Short web captions
►
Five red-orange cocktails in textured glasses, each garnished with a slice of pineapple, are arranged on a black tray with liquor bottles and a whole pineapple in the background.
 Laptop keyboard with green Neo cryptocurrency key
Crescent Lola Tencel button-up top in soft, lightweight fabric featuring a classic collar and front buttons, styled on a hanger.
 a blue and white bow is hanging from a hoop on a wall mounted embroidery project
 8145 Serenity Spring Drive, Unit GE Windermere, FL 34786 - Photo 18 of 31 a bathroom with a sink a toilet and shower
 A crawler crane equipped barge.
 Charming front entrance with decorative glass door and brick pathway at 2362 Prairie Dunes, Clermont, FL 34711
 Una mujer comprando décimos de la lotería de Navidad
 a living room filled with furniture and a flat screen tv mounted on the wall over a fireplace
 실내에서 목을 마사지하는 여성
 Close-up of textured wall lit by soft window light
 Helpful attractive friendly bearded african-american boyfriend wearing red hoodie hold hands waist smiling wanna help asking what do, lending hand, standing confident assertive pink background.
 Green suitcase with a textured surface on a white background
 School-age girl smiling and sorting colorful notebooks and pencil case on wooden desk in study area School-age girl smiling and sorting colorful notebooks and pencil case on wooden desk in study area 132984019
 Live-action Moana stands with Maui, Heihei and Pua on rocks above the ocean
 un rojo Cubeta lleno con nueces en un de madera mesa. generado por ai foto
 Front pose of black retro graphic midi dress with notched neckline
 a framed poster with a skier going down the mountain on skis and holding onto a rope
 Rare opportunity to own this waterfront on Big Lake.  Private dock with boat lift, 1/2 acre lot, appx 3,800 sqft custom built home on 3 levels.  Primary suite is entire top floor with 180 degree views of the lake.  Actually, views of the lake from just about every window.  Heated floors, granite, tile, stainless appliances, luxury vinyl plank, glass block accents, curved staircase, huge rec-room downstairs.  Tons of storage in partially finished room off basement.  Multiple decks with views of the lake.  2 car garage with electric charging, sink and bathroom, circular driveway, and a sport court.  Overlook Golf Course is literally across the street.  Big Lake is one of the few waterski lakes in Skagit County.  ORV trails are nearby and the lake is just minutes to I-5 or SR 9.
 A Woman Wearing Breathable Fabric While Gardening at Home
◄
_Directions_.
Copy out each line of the data that has the word "black" in it.

_Result of this task_.
Five red-orange cocktails in textured glasses, each garnished with a slice of pineapple, are arranged on a black tray with liquor bottles and a whole pineapple in the background.
 Front pose of black retro graphic midi dress with notched neckline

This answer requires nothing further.